Location
- Country: Brazil
- State: Pará

Physical characteristics
- • location: Mondongo swamps, Marajó
- • location: Vieira Grande Bay
- • coordinates: 0°26′20″S 50°42′30″W﻿ / ﻿0.43889°S 50.70833°W

Basin features
- • right: Cajari River Jurará River

= Furo Charapucu =

The Furo Charapucu is a furo river channel of Marajó, which itself is an island in the Amazon Delta. It is located in the state Pará in northern Brazil.

==Course==
The Furo Charapucu has its source in the mondongo swamps in the north of the island Marajó. It flows southward until a sharp bend, after which it flows westward into the Vieira Grande Bay.

The Furo Charapucu is part of a complex system of rivers and furo river channels on the western side of Marajó that botanist Jacques Huber categorised as the Afuá-Charapucu System. It runs from the Furo Charapucu in the south to the various rivers and streams around the town Afuá in the north and is bounded on the west by the Vieira Grande Bay, which connects to the Amazon River. The Afuá-Charapucu System is an anastomosing system, where numerous rivers and furos connect in complex ways, forming islands between them that are still part of the larger island Marajó.

This happens on a rather large scale between the Furo Charapucu and the Cajari River.
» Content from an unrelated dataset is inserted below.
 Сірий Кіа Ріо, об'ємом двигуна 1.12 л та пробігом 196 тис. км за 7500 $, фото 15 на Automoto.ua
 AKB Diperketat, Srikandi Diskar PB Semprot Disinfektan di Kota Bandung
The Furo Charapucu flows westward into Vieira Grande Bay. The Cajari River is a right branch of the Charapucu, flowing north until a sharp bend, after which it also flows west into the bay. This forms an island between them within the island Marajó that is called Charapucu Island.
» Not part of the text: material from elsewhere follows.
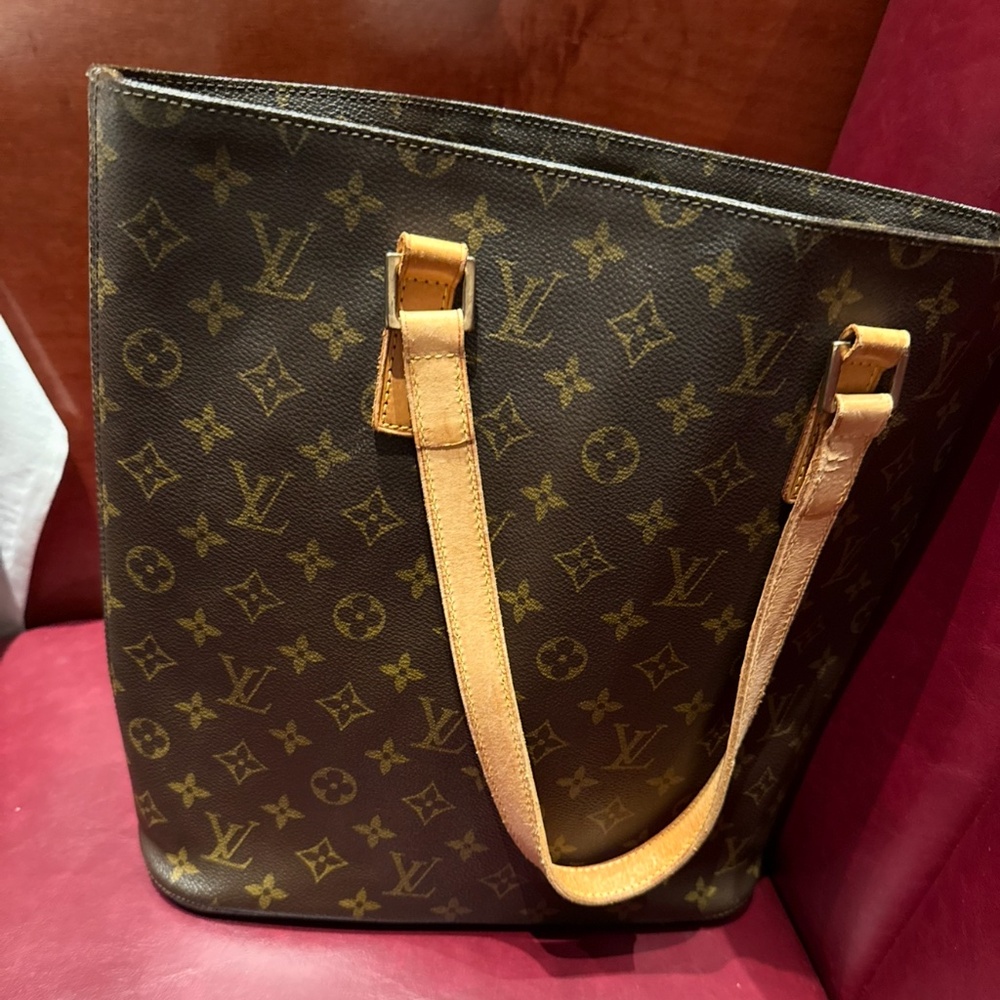 Vivan Louis Vuitton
The Afuá-Charapucu System connects to another river system hat is called the Anajás-Aramá System, mainly through two river channels: the Furo Acará Pereira and the Furo das Preguiças. These flow between the bend in the Furo Charapucu and the Anajás River.

The Furo Charapucu forks several times before reaching Vieira Grande Bay, giving rise to several smaller islands such as Japuti Island.

==Nature protection==
The Furo Charapucu is contained within the Marajó Archipelago Environmental Protection Area, a 5998570 ha sustainable use conservation unit created in 1989 to protect the Marajó island and surrounding islands.
Within this protected area, Charapucu Island is covered by the 65181 ha Charapucu State Park.